[WORK TASK]
Every line of the listing below from the one with "Foto 7 de Casa" up to and including the one with "VASSILLI - 22.01 CUSCINO ANTIDECUBITO" should be retyped exactly, and nothing else; pictures are not part of the copy.
-- TASK INPUTS follows --
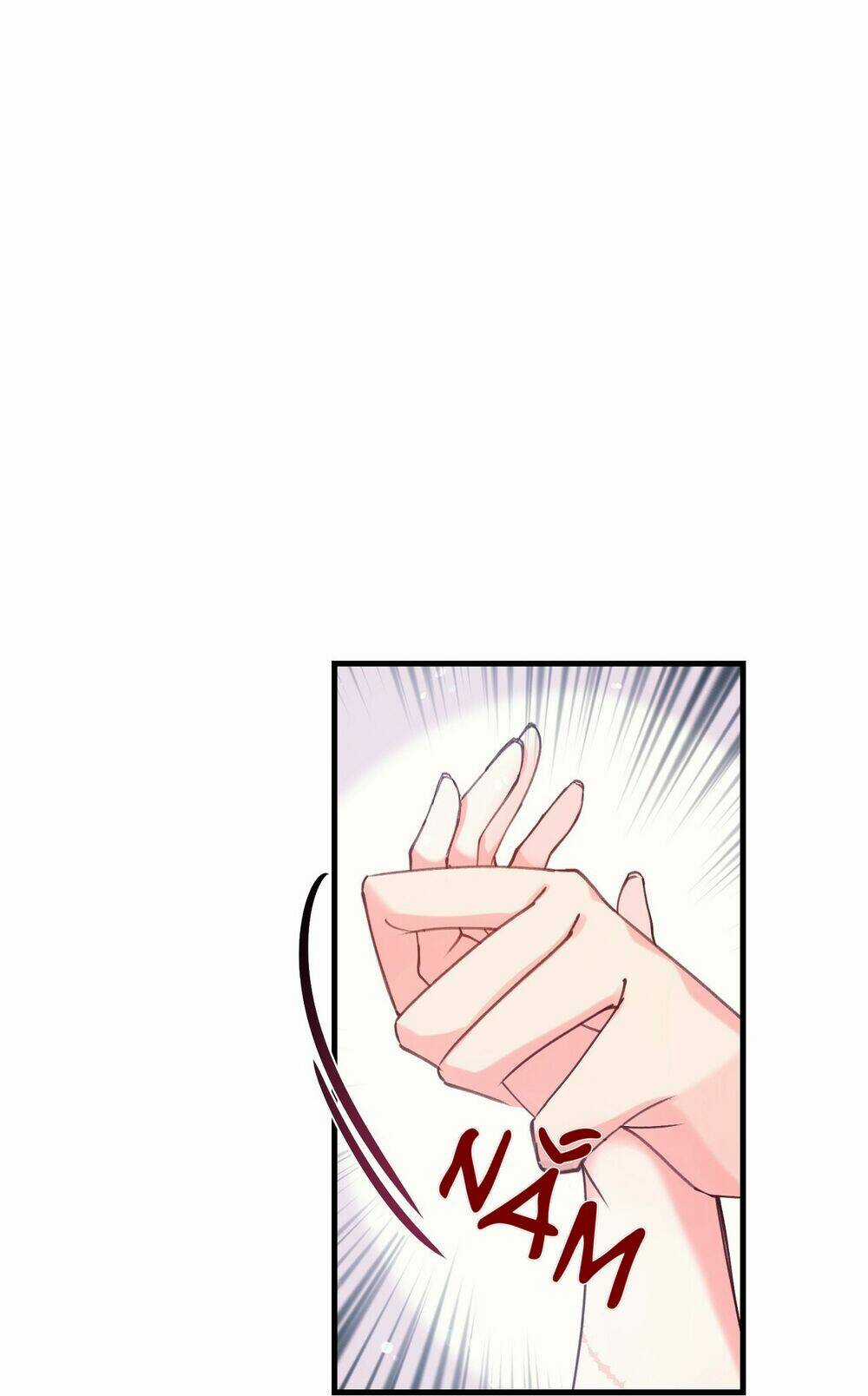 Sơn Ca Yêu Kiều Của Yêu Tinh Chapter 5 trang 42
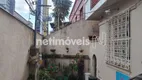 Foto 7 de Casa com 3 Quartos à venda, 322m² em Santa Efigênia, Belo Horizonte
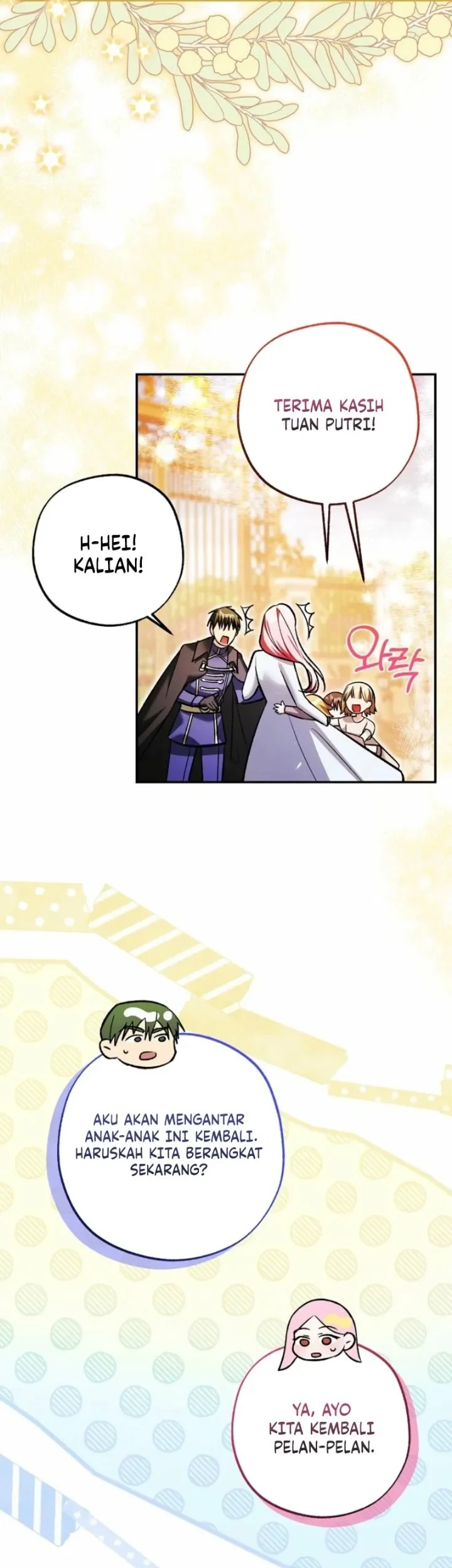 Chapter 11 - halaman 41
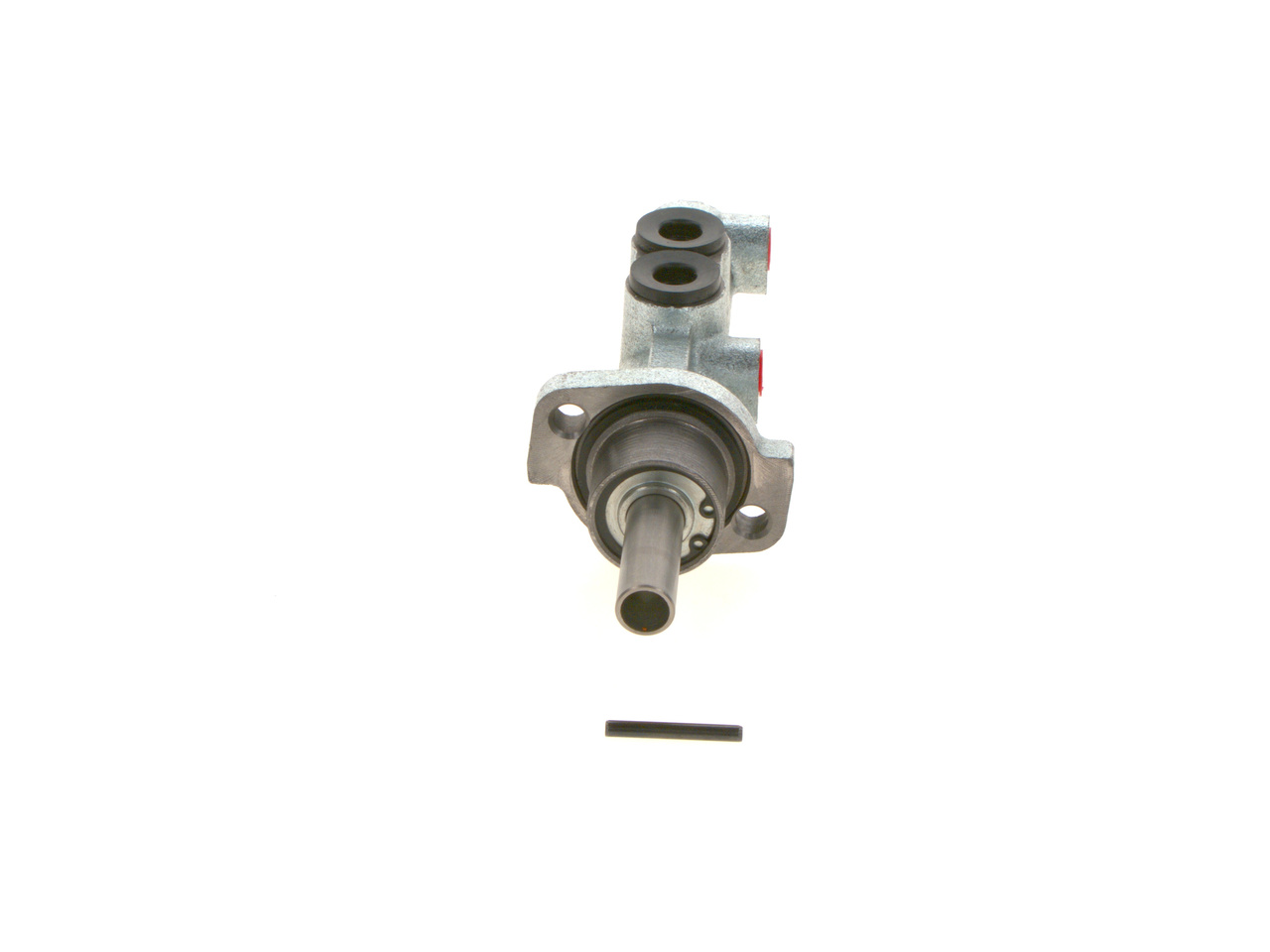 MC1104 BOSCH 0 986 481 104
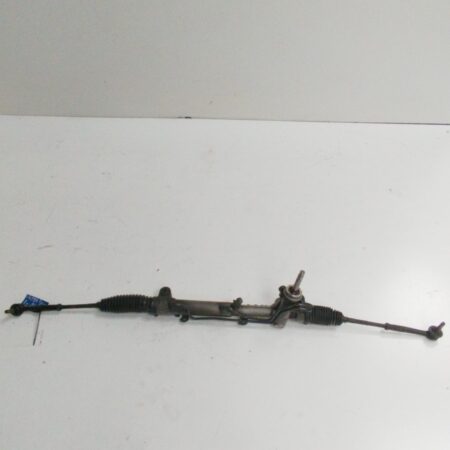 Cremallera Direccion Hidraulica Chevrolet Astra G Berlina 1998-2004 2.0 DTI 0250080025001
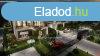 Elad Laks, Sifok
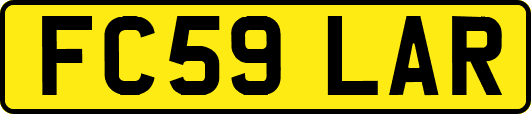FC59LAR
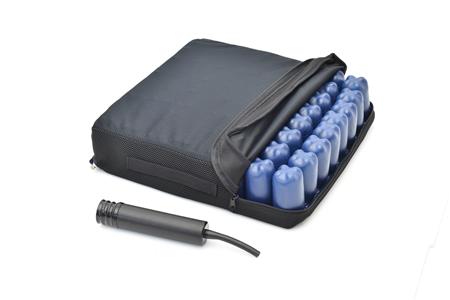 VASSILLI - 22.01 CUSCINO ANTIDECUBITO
-- TASK INPUTS concluded --
-- TASK INPUTS follows --
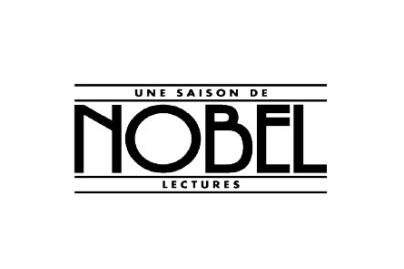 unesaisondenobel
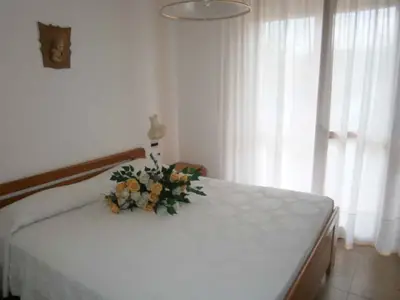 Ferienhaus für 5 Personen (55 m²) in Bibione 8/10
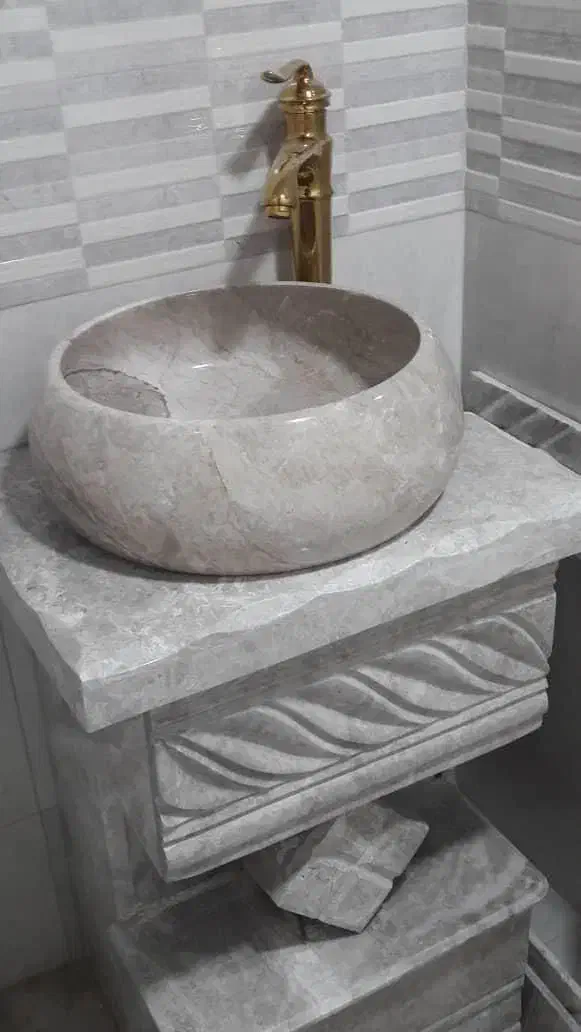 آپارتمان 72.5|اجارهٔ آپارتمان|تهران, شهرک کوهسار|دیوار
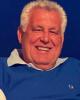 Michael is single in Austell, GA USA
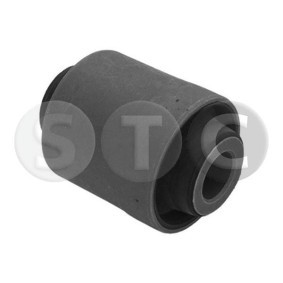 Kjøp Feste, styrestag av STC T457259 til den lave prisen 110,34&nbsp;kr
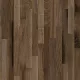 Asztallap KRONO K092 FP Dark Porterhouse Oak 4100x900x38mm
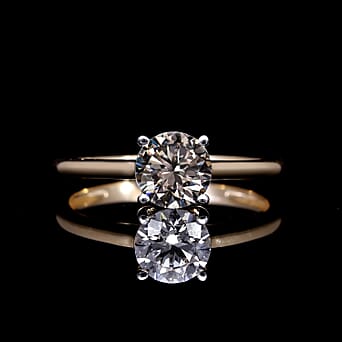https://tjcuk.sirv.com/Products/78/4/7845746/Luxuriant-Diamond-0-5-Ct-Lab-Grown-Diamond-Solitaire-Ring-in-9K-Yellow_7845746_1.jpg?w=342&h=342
-- TASK INPUTS concluded --
[EXPECTED OUTPUT]
 Foto 7 de Casa com 3 Quartos à venda, 322m² em Santa Efigênia, Belo Horizonte
 Chapter 11 - halaman 41
 MC1104 BOSCH 0 986 481 104
 Cremallera Direccion Hidraulica Chevrolet Astra G Berlina 1998-2004 2.0 DTI 0250080025001
 Elad Laks, Sifok
FC59LAR
 VASSILLI - 22.01 CUSCINO ANTIDECUBITO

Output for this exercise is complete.